===== Entries shown =====

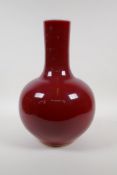 A sang de boeuf glazed porcelain vase, Chinese KangXi 6 character mark to base, 13" high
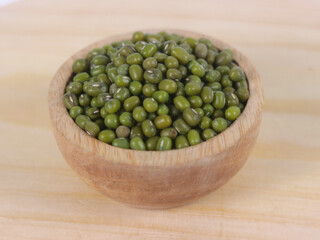 Green raw mung beans in wooden bowl on wooden and white background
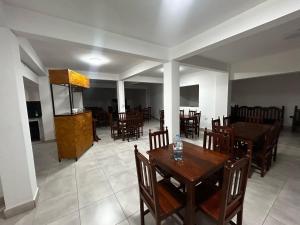 a dining room with a wooden table and chairs at Virginia hotel in La Quiaca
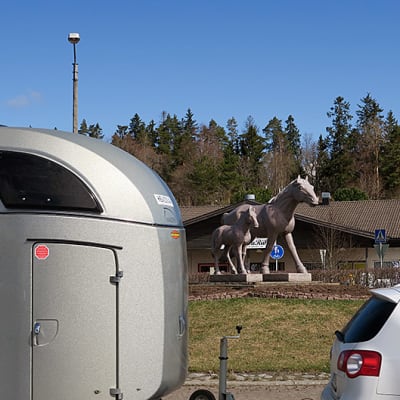 Ypäjän keskustan hevospatsas, etualalla farmariauton vetämä hevoskuljetusvaunu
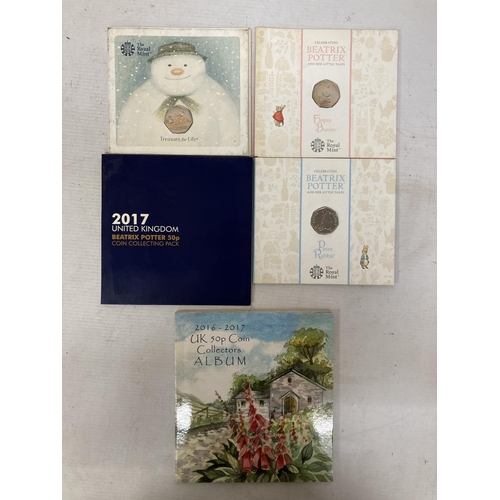 392 - A COLLECTION OF COLLECTOR'S FIFTY PENCE COIN PACKAGES TO INCLUDE ROYAL MINT BEATRIX POTTER PETER RAB...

=====

Restate every record above word for word, without images.

**Reply to the exercise:**
 A sang de boeuf glazed porcelain vase, Chinese KangXi 6 character mark to base, 13" high
 Green raw mung beans in wooden bowl on wooden and white background
 a dining room with a wooden table and chairs at Virginia hotel in La Quiaca
 Ypäjän keskustan hevospatsas, etualalla farmariauton vetämä hevoskuljetusvaunu
 392 - A COLLECTION OF COLLECTOR'S FIFTY PENCE COIN PACKAGES TO INCLUDE ROYAL MINT BEATRIX POTTER PETER RAB...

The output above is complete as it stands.